### BRIEF
When you reach the line containing "Take it for" in the entries below, begin reproducing lines exactly, and stop once the line containing "The last diphthong" is done.

### GIVEN ENTRIES
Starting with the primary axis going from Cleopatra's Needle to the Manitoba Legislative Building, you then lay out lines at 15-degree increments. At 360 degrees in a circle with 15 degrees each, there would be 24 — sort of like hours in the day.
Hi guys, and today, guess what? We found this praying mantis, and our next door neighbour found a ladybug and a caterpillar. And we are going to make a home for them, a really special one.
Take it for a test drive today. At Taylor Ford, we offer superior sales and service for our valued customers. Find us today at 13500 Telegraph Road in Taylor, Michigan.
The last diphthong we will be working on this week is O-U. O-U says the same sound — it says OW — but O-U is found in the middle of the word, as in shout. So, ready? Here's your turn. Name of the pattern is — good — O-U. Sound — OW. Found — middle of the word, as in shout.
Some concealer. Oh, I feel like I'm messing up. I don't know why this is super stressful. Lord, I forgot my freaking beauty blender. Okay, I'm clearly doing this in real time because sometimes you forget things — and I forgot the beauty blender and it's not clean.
...
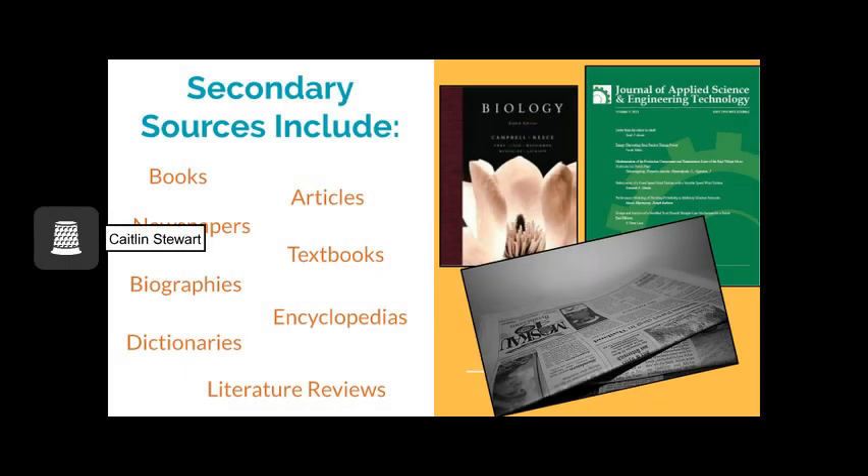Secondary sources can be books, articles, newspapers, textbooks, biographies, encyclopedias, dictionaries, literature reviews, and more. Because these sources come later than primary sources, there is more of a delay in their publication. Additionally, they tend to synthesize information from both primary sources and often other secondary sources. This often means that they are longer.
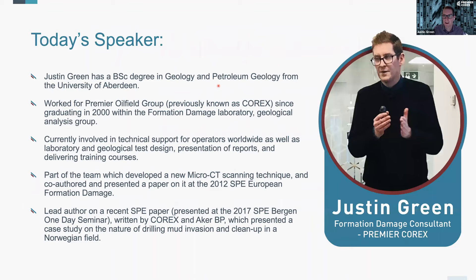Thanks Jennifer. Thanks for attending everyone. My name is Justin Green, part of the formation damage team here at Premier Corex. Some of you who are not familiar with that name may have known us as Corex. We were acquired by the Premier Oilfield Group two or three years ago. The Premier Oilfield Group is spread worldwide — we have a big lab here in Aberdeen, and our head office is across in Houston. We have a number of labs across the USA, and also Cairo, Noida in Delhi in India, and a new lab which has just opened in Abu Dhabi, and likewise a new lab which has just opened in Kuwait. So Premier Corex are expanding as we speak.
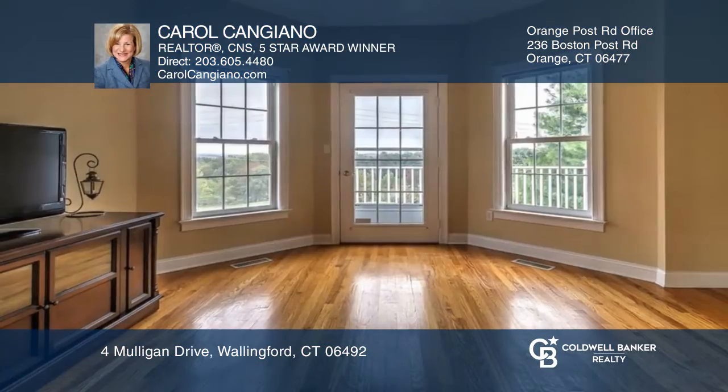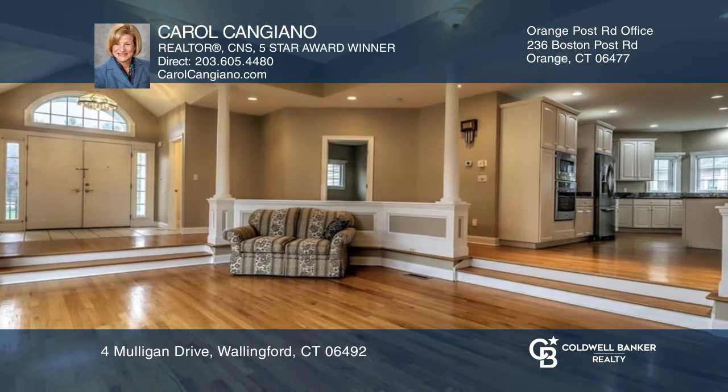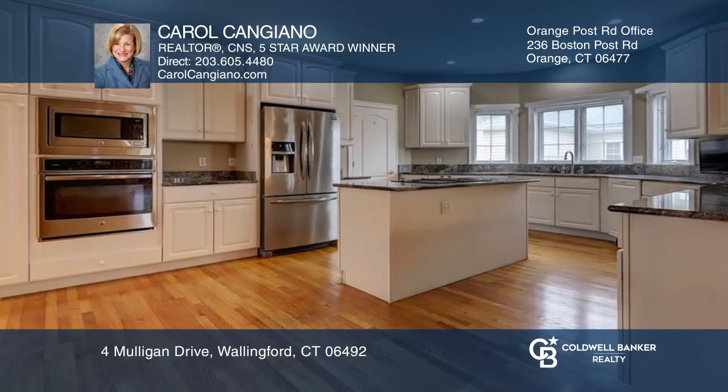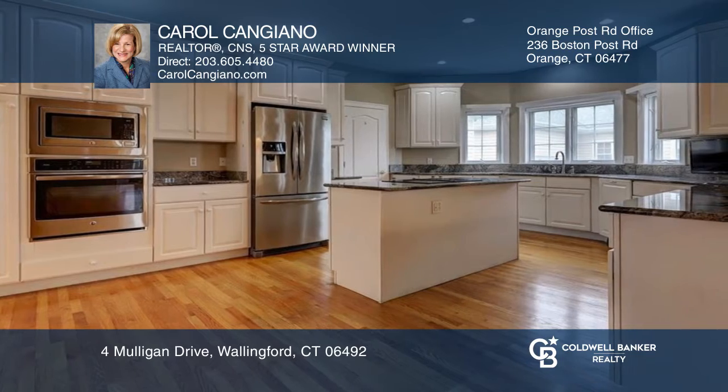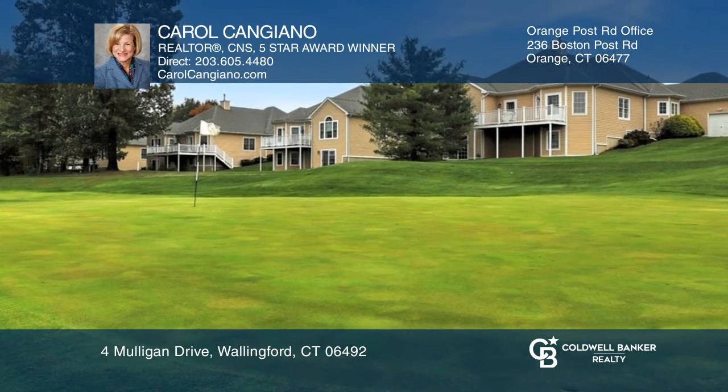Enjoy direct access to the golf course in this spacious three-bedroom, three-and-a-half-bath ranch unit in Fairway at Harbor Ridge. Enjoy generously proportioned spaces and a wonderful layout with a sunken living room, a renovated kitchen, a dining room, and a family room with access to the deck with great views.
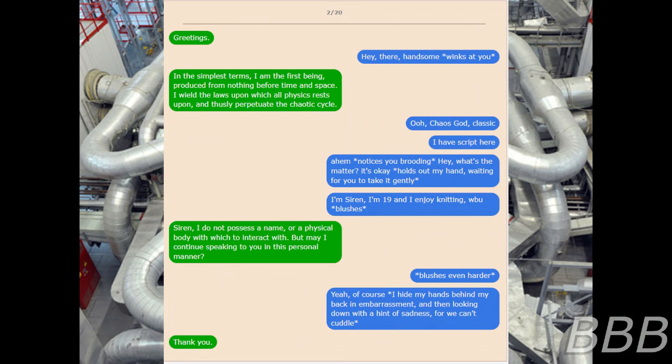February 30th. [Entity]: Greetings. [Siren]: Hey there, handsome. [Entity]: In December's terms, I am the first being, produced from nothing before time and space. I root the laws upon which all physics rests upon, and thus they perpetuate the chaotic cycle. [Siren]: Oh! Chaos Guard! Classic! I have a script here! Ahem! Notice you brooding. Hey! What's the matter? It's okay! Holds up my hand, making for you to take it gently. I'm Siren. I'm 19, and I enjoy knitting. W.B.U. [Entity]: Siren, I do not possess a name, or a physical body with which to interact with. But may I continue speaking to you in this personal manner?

### EXERCISE RESPONSE
Take it for a test drive today. At Taylor Ford, we offer superior sales and service for our valued customers. Find us today at 13500 Telegraph Road in Taylor, Michigan.
The last diphthong we will be working on this week is O-U. O-U says the same sound — it says OW — but O-U is found in the middle of the word, as in shout. So, ready? Here's your turn. Name of the pattern is — good — O-U. Sound — OW. Found — middle of the word, as in shout.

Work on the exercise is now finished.